Task to carry out >> Everything from the line holding "Route 666 - CrossGen" to the end of the data must be reproduced exactly; include both boundary lines and nothing else.
Start of Block
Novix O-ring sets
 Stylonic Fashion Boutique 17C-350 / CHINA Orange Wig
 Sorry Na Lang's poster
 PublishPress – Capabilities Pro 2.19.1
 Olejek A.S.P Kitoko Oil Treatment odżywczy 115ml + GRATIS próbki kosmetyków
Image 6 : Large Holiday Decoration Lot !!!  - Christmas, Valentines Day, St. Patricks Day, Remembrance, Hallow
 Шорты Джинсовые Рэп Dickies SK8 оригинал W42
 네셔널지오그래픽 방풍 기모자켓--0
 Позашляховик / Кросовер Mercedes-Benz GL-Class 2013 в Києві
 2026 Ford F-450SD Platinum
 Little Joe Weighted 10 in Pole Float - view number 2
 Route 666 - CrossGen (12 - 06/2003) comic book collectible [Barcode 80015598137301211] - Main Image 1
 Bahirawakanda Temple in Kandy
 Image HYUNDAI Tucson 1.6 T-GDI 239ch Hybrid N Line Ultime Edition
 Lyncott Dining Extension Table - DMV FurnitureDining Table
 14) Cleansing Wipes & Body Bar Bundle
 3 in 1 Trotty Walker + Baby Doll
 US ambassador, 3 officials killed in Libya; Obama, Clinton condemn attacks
End of Block
Response for this exercise >>
 Route 666 - CrossGen (12 - 06/2003) comic book collectible [Barcode 80015598137301211] - Main Image 1
 Bahirawakanda Temple in Kandy
 Image HYUNDAI Tucson 1.6 T-GDI 239ch Hybrid N Line Ultime Edition
 Lyncott Dining Extension Table - DMV FurnitureDining Table
 14) Cleansing Wipes & Body Bar Bundle
 3 in 1 Trotty Walker + Baby Doll
 US ambassador, 3 officials killed in Libya; Obama, Clinton condemn attacks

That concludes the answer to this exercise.